*TASK DESCRIPTION*. Go to the line holding "SOL REVIEW QUESTIONS" in the data below and repeat it exactly, then each line after it up to and including the one holding "Skall Studio Pippa". Omit pictures.

*DATA FOR ANALYSIS*.
- - -

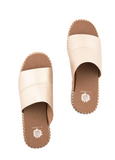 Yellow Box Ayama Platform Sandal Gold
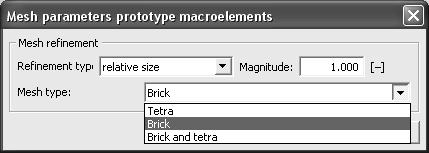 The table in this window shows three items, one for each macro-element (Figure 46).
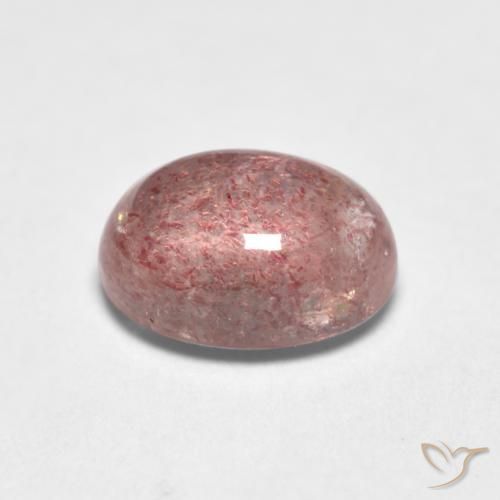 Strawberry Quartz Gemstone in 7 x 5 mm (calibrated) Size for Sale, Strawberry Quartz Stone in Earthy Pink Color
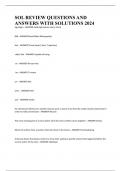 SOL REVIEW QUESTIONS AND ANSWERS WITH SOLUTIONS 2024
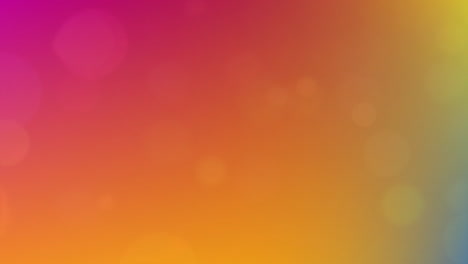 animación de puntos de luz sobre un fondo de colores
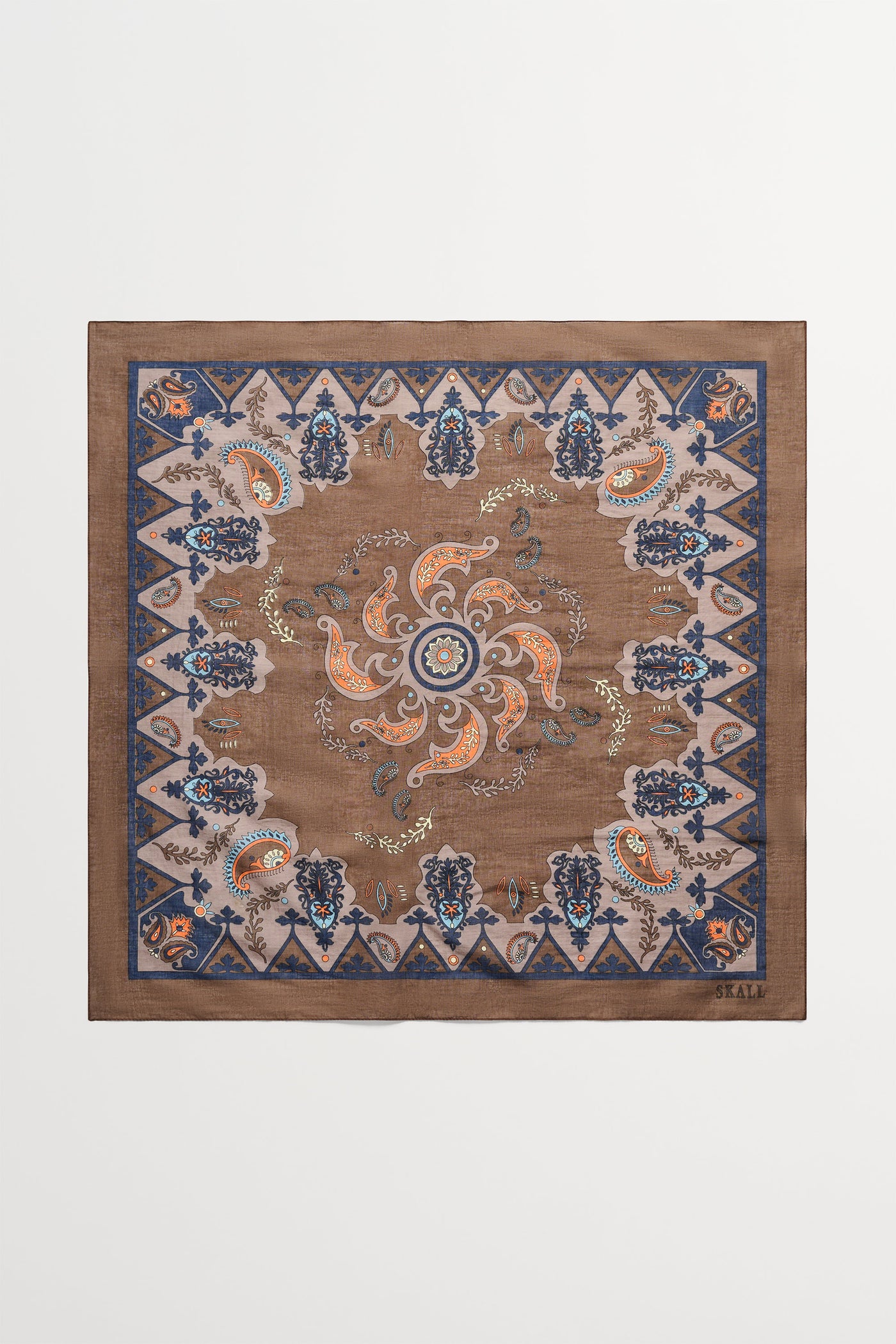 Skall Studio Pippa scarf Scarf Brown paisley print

- - -

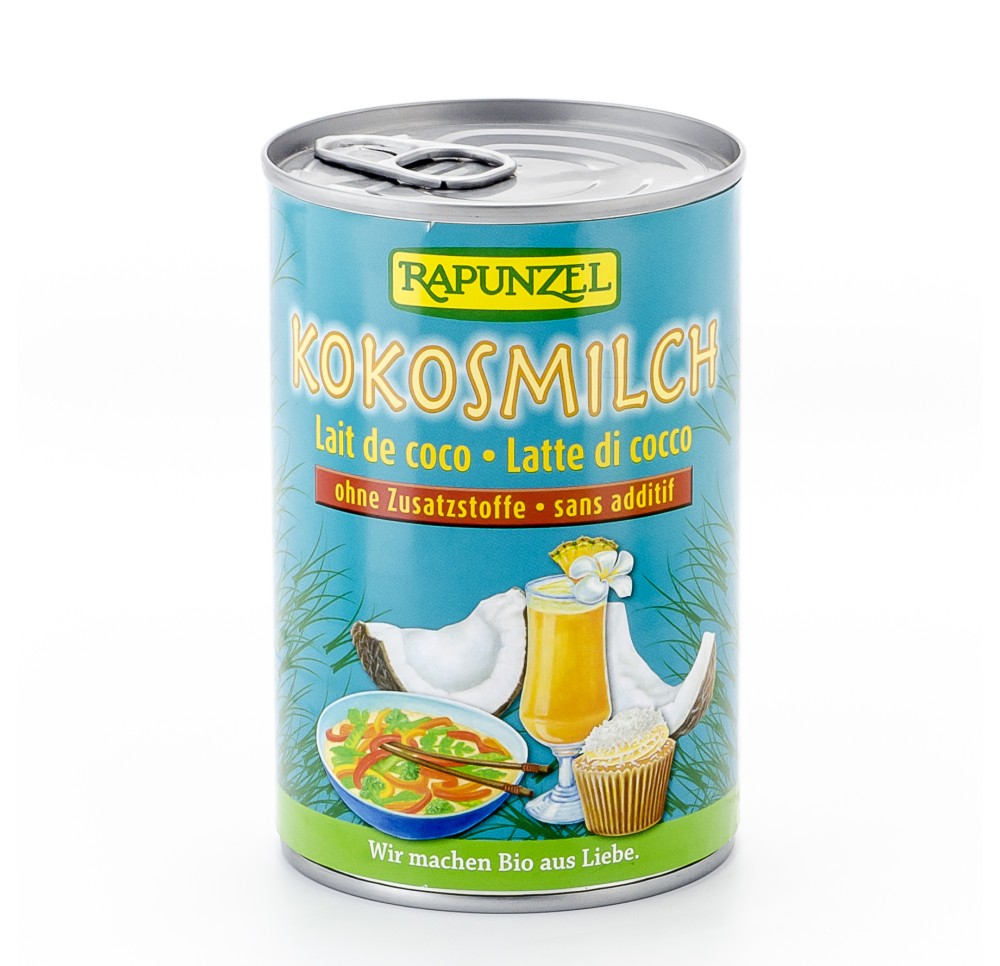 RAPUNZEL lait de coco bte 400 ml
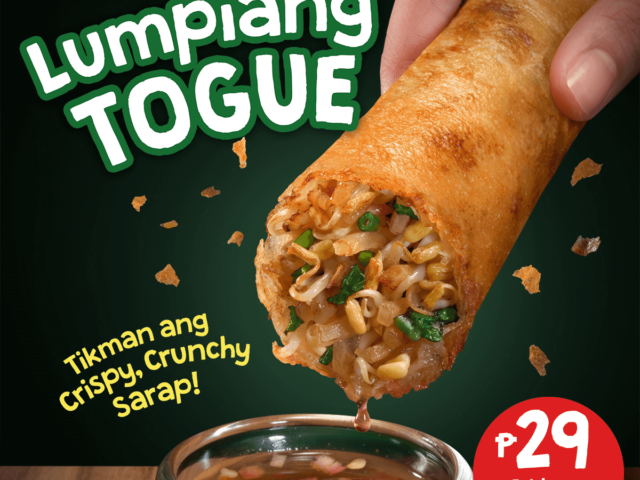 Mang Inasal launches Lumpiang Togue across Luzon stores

- - -

*RESULT*.
 SOL REVIEW QUESTIONS AND ANSWERS WITH SOLUTIONS 2024
 animación de puntos de luz sobre un fondo de colores
 Skall Studio Pippa scarf Scarf Brown paisley print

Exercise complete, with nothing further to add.